- Also known as: Ryu☆ Seiryū (青龍) Kraken
- Born: October 1, 1979 (age 46) Fukuoka, Japan
- Genres: Happy hardcore; J-pop; trance;
- Occupations: Musician; composer; arranger;
- Years active: 2000–present
- Labels: Exit Tunes Konami

= Ryutaro Nakahara =

Ryutaro Nakahara (中原 龍太郎, Nakahara Ryūtarō) born October 1, 1979, better known by his stage name Ryu☆, is a Japanese record producer, DJ, musician and arranger. In 2000, Ryu, along with kors k won a contest started by Konami, in which composers were to make music such that the winners would get their songs in the next Beatmania IIDX installment. Ryu's entry "Starmine" and kors k's "Clione" won the contest and both songs were featured in Beatmania IIDX 4th Style.

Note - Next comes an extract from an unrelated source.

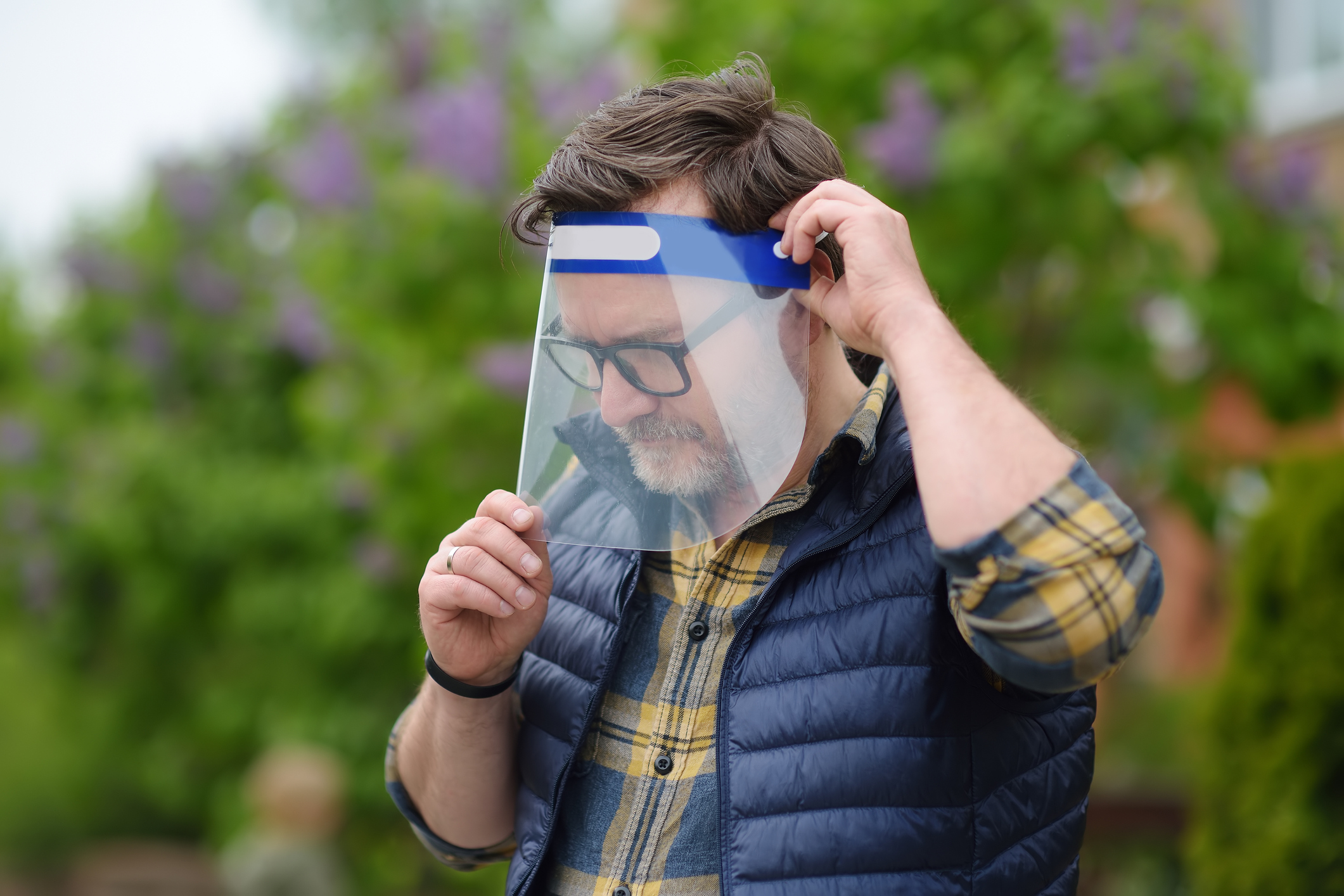 Man putting on face shield on street of city or park. Safety during COVID-19 outbreak. Lifting virus lockdown. Social distancing and face mask – security measures when exiting quarantine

Ryu returned in Beatmania IIDX 9th Style with a remix of Dj taka's "Abyss", and composed more songs in 10th style onwards. Since then, Ryu has become a mainstay composer for Konami's Bemani series as well as a freelance musician. Ryu has become a part of beatnation records, which compose of Kors K, DJ Taka, L.E.D., Sōta Fujimori and DJ Yoshitaka.

He has numerous works outside of Konami as well, including "Orion" from HARDCORE TANO*C's "HARDCORE SYNDROME 2" album and remixes of "Caramelldansen" and "Caipirinha".